++++ GIVEN INFORMATION
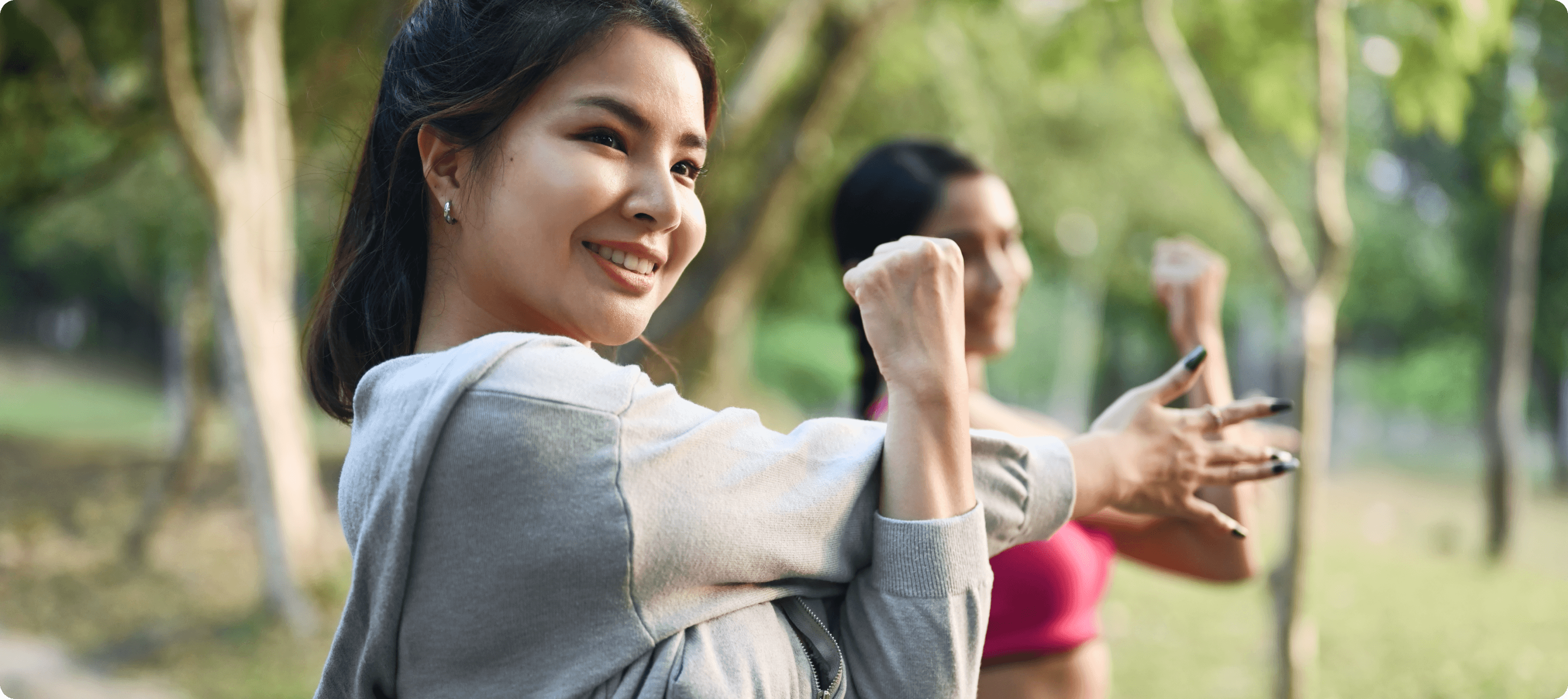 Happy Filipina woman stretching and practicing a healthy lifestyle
++++++++
++++ GIVEN INFORMATION
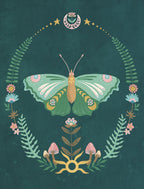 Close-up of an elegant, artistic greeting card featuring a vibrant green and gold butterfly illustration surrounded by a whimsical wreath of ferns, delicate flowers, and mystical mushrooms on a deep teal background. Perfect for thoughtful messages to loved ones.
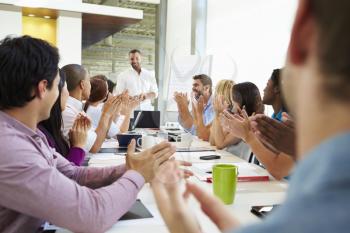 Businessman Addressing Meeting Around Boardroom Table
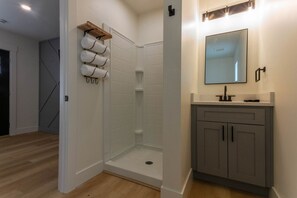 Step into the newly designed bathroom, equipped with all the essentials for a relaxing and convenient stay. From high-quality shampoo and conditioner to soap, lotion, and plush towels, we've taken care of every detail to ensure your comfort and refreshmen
++++++++
++++ GIVEN INFORMATION
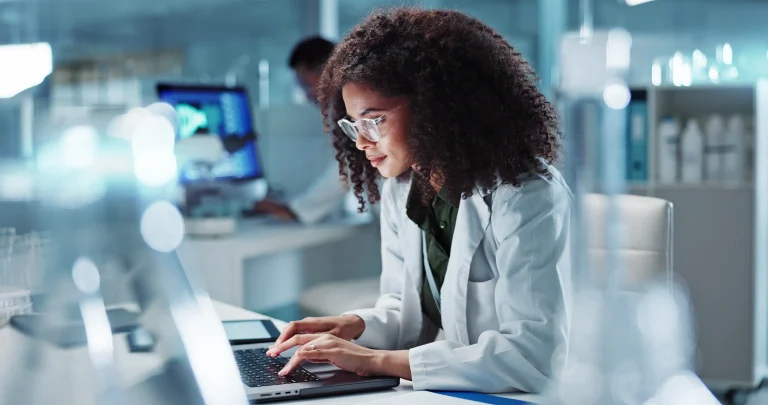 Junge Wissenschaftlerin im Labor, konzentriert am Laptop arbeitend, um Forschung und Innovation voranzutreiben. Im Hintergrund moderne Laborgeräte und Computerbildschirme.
++++++++
WHAT YOU SHOULD DO
Output should consist of the lines above from the one with "Businessman Addressing Meeting" down to the one with "Step into the", exact and without pictures.

TASK OUTPUT
 Businessman Addressing Meeting Around Boardroom Table
 Step into the newly designed bathroom, equipped with all the essentials for a relaxing and convenient stay. From high-quality shampoo and conditioner to soap, lotion, and plush towels, we've taken care of every detail to ensure your comfort and refreshmen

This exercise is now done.